OBJECTIVE: To investigate the effectiveness of high-voltage monophasic pulsed current (HVMPC) as an adjunct to a standard wound care for the treatment of Stage II and III pressure ulcers (PrUs).


DESIGN: Prospective, randomized, double-blind, controlled clinical study.


SETTING: Two nursing and care centers.


PATIENTS: Patients with PrUs that did not respond to previous treatment for at least 4 weeks were randomly assigned to the electrical stimulation (ES) group (25 patients; mean age of 79.92 +/- 8.50 years; mean wound surface area [WSA] of 10.58 +/- 10.57 cm2) or to the control group (24 patients; mean age of 76.33 +/- 12.74 years; mean WSA of 9.71 +/- 6.70 cm2).


INTERVENTIONS: Both the ES and control groups received standard wound care and respectively, cathodal HVMPC (154 microseconds; 100 pulses per second; 0.24 A; 250 [mu]/s) applied continuously for 50 minutes once a day, 5 times a week, or sham HVMPC.

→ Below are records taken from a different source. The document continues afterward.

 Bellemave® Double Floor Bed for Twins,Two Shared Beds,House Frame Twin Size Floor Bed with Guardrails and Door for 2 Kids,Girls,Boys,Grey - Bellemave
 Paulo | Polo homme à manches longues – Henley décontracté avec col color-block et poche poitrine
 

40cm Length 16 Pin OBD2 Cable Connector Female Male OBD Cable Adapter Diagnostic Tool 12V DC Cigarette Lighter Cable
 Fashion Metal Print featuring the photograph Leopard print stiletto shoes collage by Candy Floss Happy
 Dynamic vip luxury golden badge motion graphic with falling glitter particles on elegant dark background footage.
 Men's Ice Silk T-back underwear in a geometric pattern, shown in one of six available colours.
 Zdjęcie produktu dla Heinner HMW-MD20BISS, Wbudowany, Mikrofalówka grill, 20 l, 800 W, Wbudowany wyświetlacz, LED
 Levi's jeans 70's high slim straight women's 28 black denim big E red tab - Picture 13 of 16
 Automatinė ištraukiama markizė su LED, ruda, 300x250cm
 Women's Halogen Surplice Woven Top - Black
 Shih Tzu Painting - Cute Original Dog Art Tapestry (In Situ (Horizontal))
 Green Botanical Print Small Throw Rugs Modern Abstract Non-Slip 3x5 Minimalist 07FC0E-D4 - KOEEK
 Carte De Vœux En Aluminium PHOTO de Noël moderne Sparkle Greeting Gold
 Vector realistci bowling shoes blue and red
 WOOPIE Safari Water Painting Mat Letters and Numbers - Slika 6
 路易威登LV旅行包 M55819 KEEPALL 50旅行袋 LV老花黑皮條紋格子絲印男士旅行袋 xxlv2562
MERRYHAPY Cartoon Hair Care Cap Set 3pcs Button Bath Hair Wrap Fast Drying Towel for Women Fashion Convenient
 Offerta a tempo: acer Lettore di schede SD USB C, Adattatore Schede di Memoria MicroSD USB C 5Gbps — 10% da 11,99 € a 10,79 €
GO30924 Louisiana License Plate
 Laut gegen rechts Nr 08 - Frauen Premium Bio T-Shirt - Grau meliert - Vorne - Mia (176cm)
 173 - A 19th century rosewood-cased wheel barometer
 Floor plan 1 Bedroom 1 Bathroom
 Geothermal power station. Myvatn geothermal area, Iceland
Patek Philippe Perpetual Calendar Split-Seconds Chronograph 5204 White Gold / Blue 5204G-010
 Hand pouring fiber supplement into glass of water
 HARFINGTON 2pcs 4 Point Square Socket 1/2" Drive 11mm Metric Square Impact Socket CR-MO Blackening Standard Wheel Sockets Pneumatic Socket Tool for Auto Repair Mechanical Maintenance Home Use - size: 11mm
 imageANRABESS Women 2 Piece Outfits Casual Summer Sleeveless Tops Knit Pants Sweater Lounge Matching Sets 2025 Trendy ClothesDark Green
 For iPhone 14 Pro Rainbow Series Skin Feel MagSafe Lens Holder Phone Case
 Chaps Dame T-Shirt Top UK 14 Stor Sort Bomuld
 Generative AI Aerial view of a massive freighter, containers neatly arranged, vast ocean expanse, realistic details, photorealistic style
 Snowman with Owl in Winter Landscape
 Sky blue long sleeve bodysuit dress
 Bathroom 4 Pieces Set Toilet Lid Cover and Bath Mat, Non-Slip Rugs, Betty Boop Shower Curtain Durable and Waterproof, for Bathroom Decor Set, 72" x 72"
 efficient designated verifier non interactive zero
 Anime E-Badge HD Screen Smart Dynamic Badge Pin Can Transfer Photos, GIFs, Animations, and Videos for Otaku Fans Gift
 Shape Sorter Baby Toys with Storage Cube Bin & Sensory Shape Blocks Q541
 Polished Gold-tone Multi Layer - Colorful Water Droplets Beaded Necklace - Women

MAIN OUTCOME: Percentage area reduction over 6 weeks of intervention.


MAIN RESULTS: In the ES group, there was a statistically significant decrease in WSA after 1 week of treatment (35% +/- 30.5%) compared with 17.07% +/- 34.13% in the control group (P = .032). After treatment, at week 6, percentage area reduction in the ES group was 80.31% +/- 29.02% versus 54.65% +/- 42.65% in the control group (P = .046).


CONCLUSIONS: Cathodal HVMPC reduces the WSA of Stage II and III PrUs. The results are consistent with the results of other researchers who used HVMPC to treat PrUs.